### [Exercise prompt]
All lines from the one containing "Закордонних Паспортів Гроші" down to the one containing "MERCEDES-BENZ E-CLASS - 6", both ends included, are to be given again exactly; omit the rest of the listing below.

### [Source material]
________________________
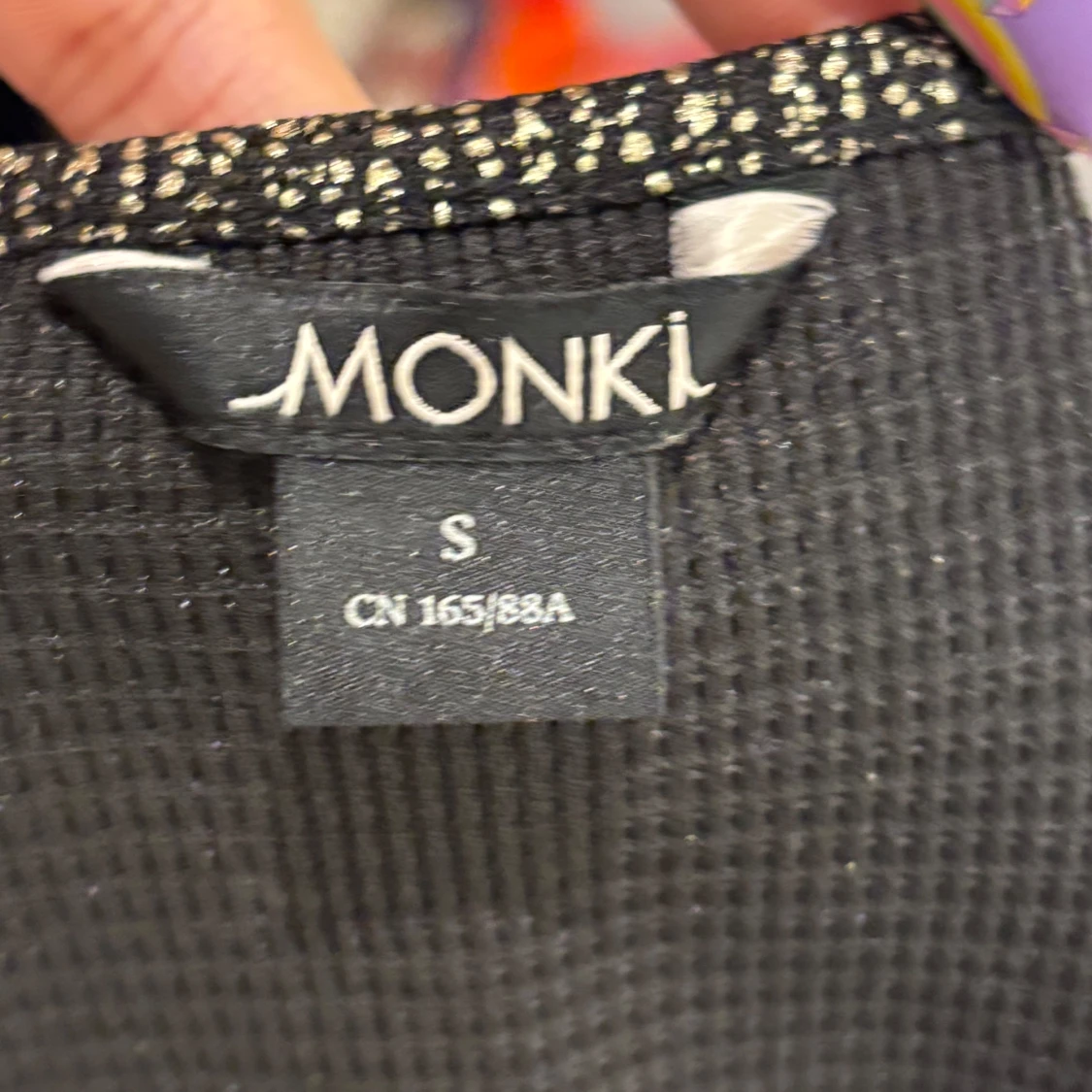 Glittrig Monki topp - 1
________________________
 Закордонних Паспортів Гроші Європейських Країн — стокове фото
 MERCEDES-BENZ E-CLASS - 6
________________________
### [Finished task]
 Закордонних Паспортів Гроші Європейських Країн — стокове фото
 MERCEDES-BENZ E-CLASS - 6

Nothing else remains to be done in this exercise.